## Exercise directions
Starting at the line that contains "Used 2020 Mercedes-Benz", retype each line to the end of the listing below. Include both ends, but not the pictures.

==*==

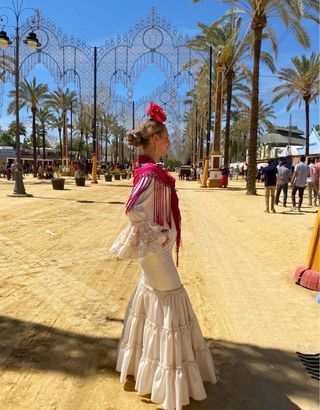 Traje de Gitana Beige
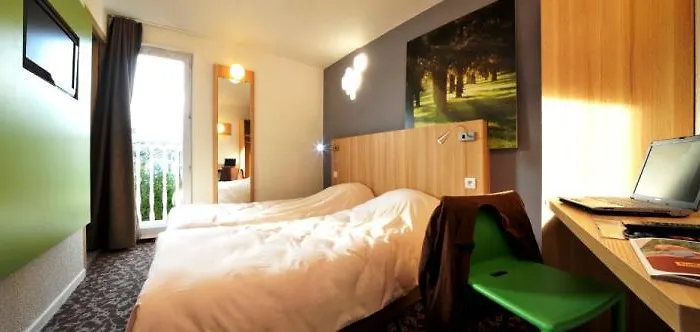 Hotel Kyriad Direct Trappes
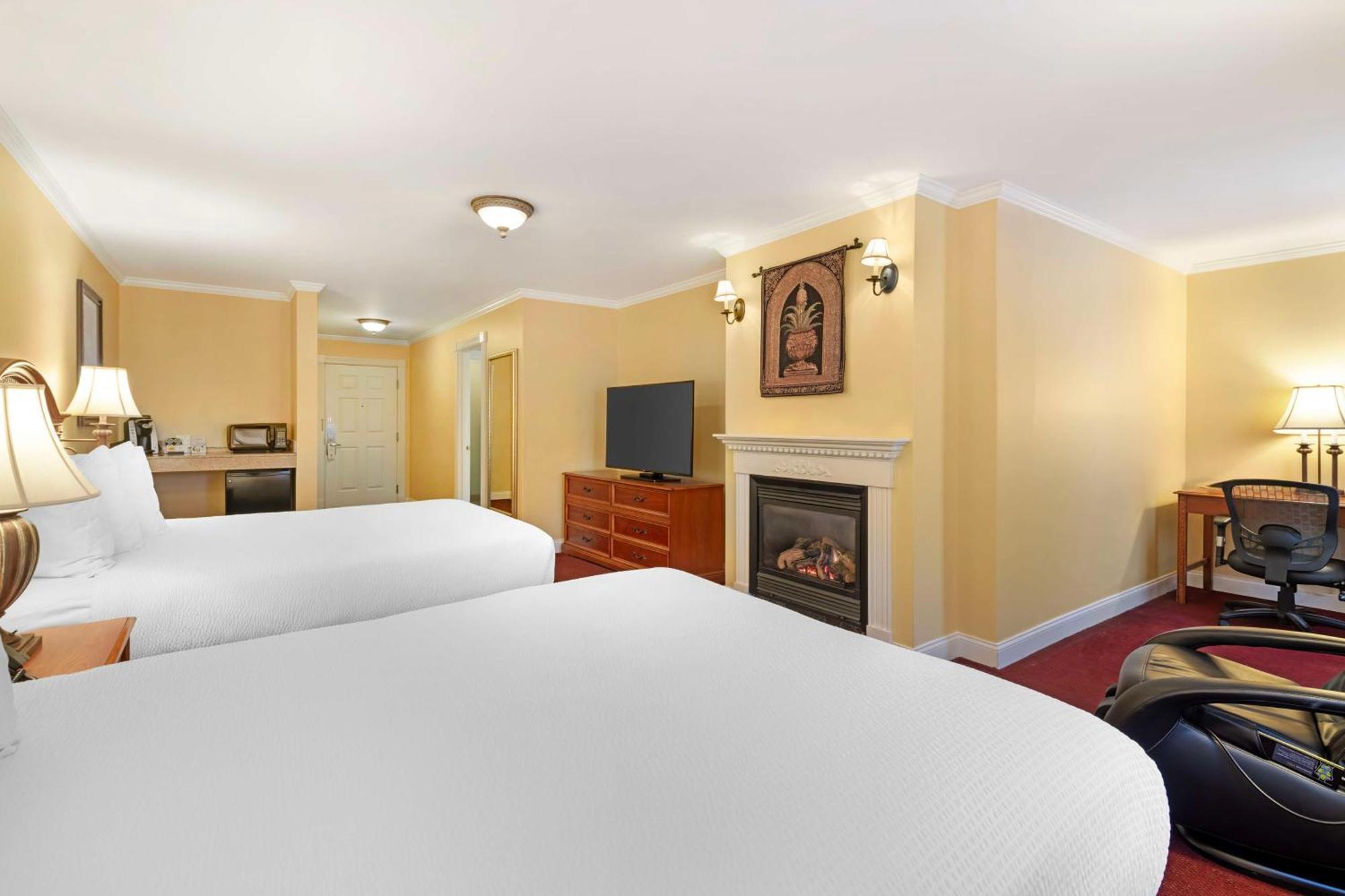 Queen Suite Two Queen Beds Bath Tub Fireplace Disability or Non-Smoking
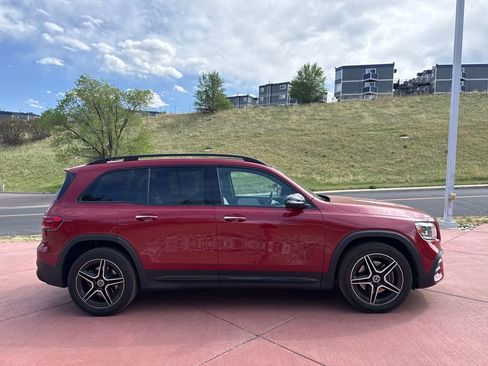 Used 2020 Mercedes-Benz GLB 250 4MATIC image 9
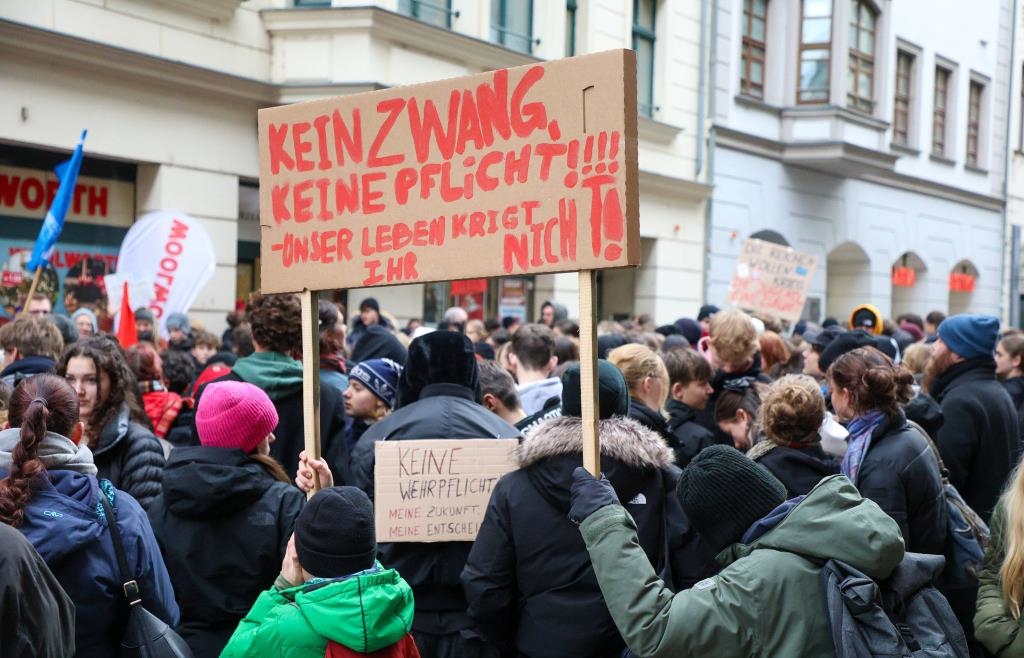 Schüler in Bayern demonstrieren gegen neues Wehrdienstgesetz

==*==

## Answer to the problem
 Used 2020 Mercedes-Benz GLB 250 4MATIC image 9
 Schüler in Bayern demonstrieren gegen neues Wehrdienstgesetz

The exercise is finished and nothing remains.